Gaza rockets draw Israeli strikes; 2 Gazans die
JERUSALEM -- Gaza militants pummeled southern Israel with dozens of rockets and mortars on Wednesday, and Israeli airstrikes killed two Palestinians in a sharp escalation of violence following a landmark visit to the coastal territory by the leader of Qatar.
Hostilities have been simmering for weeks, but erupted into barrages from Gaza immediately after the Qatari ruler left the territory Tuesday. Militants from the ruling Hamas movement joined the fray, undercutting the emir's appeal to avoid confrontation with Israel.
Israeli leaders vowed that their country would not reconcile itself to attacks from the coastal strip.
"We didn't ask for this escalation and didn't initiate it," Prime Minister Benjamin Netanyahu said after touring a missile defense battery. "But if it continues, we are prepared to embark on a far more extensive and penetrating operation."
Asked if Israel was considering a ground operation in the Palestinian territory, Defense Minister Ehud Barak told Israel Radio that "if we need a ground operation there will be a ground operation. We will do whatever necessary to stop this wave" of violence.
The Israeli military said 72 rockets and mortars landed in Israel by mid-afternoon, and that Israeli aircraft struck Gaza four times.
Hamas' military wing and a smaller militant faction claimed credit for the rocket and mortar fire.
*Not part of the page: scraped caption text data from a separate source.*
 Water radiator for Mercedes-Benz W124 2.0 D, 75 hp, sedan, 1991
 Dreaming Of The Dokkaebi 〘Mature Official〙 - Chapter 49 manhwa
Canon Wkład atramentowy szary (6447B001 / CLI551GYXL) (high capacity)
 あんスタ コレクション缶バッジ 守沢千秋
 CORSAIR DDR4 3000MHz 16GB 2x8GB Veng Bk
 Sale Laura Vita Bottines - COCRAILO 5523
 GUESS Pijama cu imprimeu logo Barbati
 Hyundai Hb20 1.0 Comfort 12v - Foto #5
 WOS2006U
The smaller group - the Popular Resistance Committees - said one of its members died in one of the airstrikes, and Gaza health official Dr. Ashraf al-Kidra said another Gaza man died of wounds sustained in an attack Tuesday night that killed two militants. No militant group claimed him as a member.
The deaths brought to four the number of Palestinians who have died in strikes on Gaza in the past two days.
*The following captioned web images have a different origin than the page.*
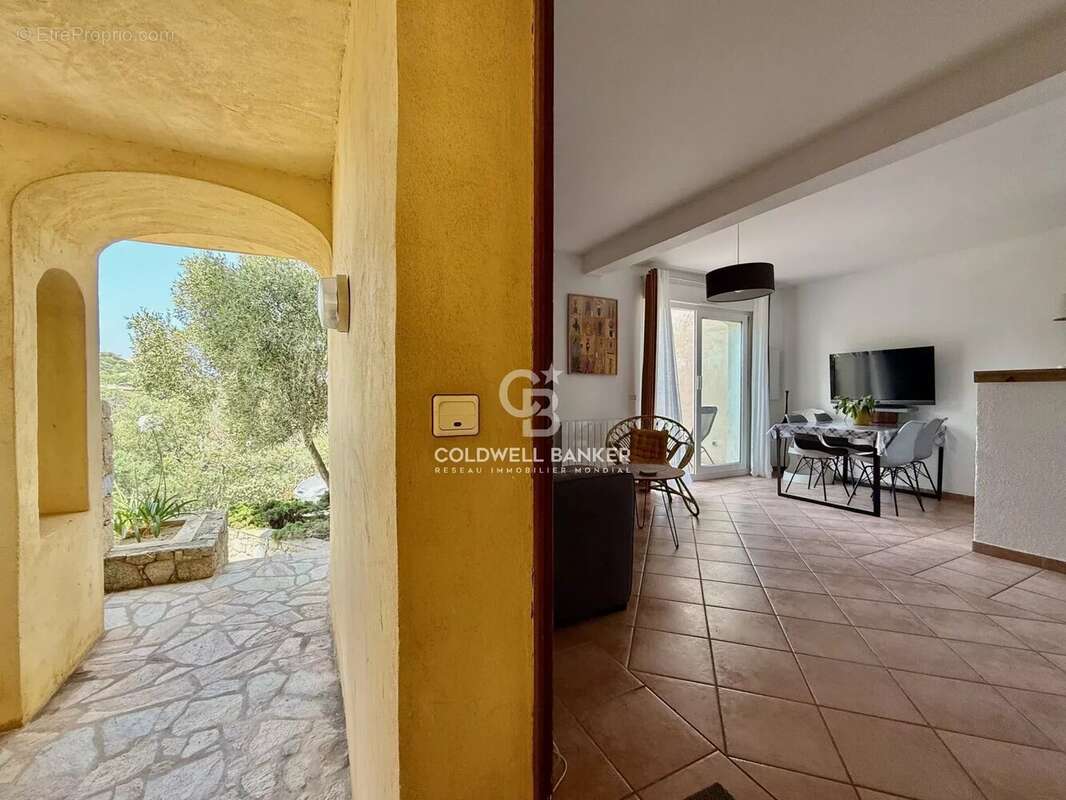 Appartement à L&#039;ILE-ROUSSE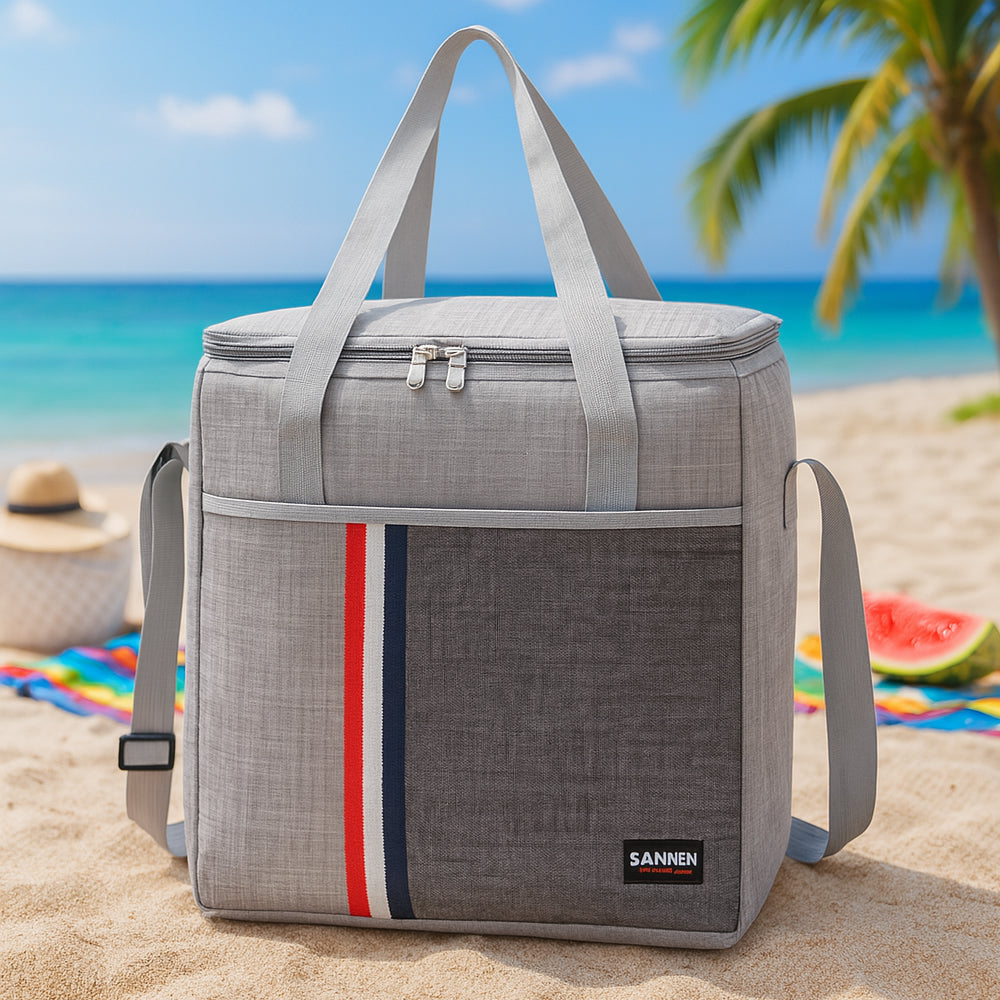 Termisk bag 15 liter eller 27 liter | Luvikno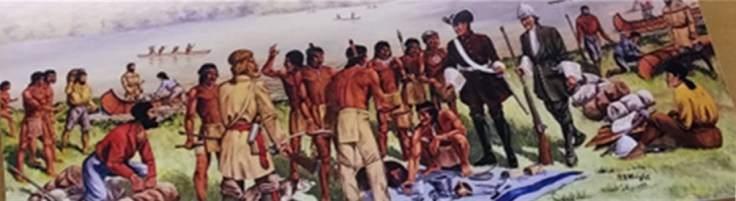 History – Natchitoches Tribe of Louisiana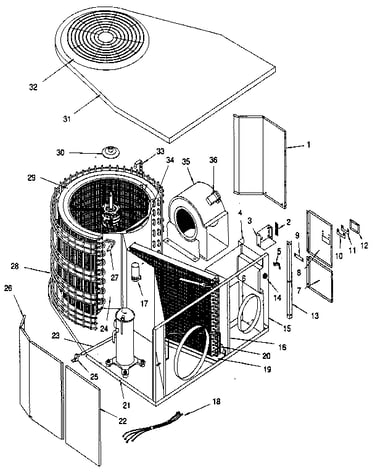 Functional replacement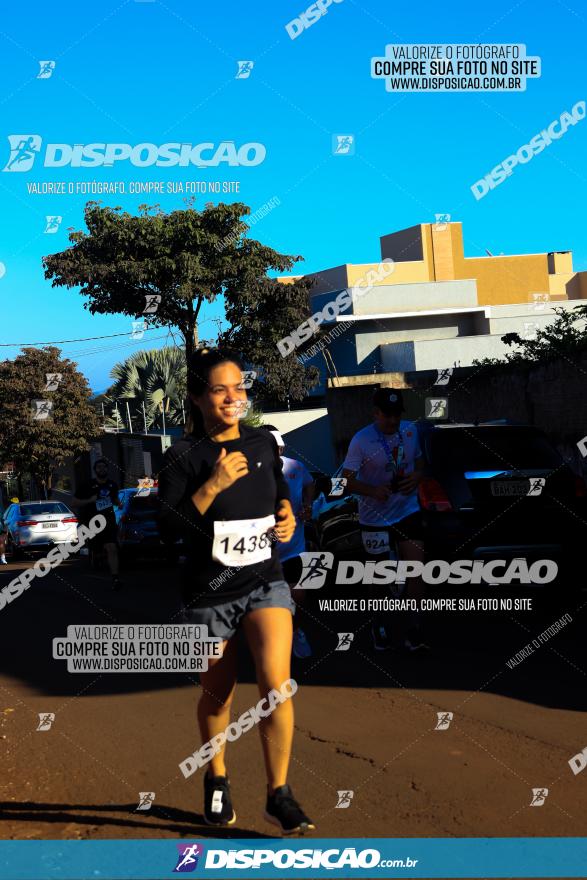 Corrida Pedestre de Rio Bom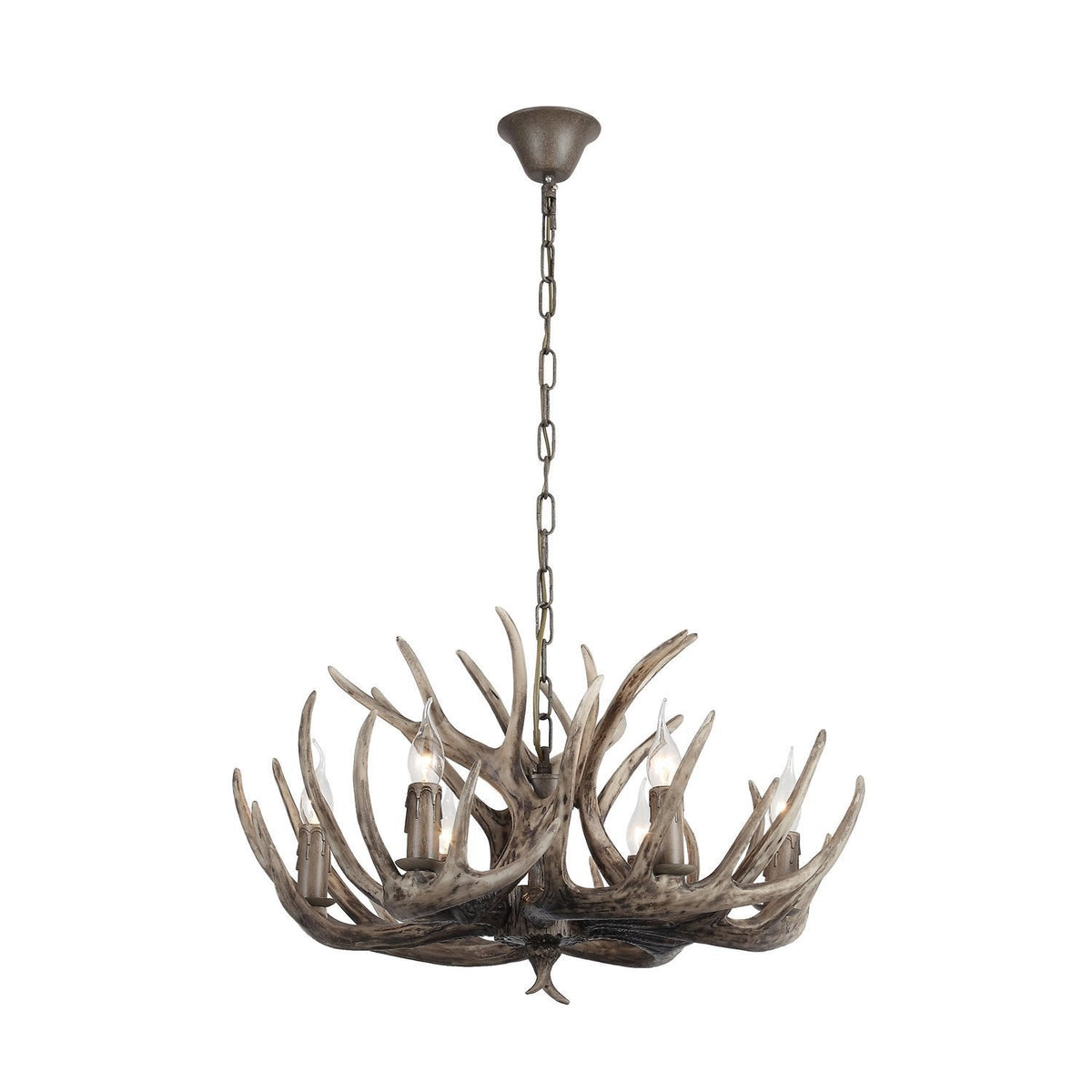Galdenford Wood Pendant Light-Moonnatur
Two foreign workers in Israel were critically wounded in the rocket fire Wednesday, and a number of militants were injured in the Israeli air attacks, Israeli and Palestinian health officials said. Hamas security forces were ordered to evacuate their facilities for fear they would become targets of Israeli airstrikes, and some schools in southern Israel and Gaza canceled classes.
One of the rockets hit a house, causing no injuries, and one of the airstrikes struck a mosque in the southern Gaza village of Khouza for the second time in several weeks.
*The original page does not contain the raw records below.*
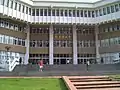 Main Library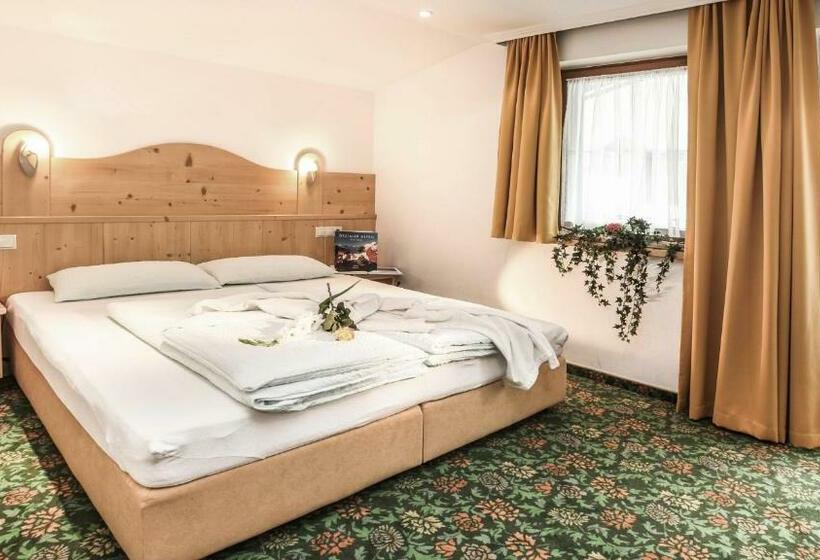 Апартаменты 2 Спальни, Ferienhaus Austria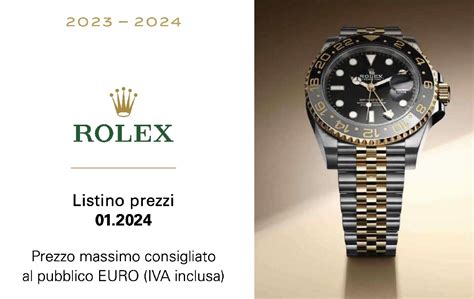 reddit rolex ad price list|rolex price increases 2024.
Crossings between Gaza and Israel were shut down following the exchanges of fire.
Hamas has largely stayed out of direct confrontation with Israel since a major Israeli offensive in Gaza four years ago inflicted heavy casualties and damage, and halted much of the rocket fire. But it is also under pressure from various militant groups, including al-Qaida-inspired Salafis active in Gaza, to prove it remains in confrontation with Israel, whose existence it rejects.
The Qatari emir, Sheik Hamad bin Khalifa Al Thani, had urged the Iranian-backed Hamas to do everything possible to avoid violence with Israel.
But the emir's visit and promise of $400 million in aid bolstered Hamas' flagging popularity and might have encouraged it to join the latest round of hostilities, which had previously involved smaller militant groups.
"These holy missions come in response to the repeated, continuous crimes of the enemy against our people, which killed four and injured 10 in the past 48 hours," the military wing of Hamas and the Popular Resistance Committees said in a statement.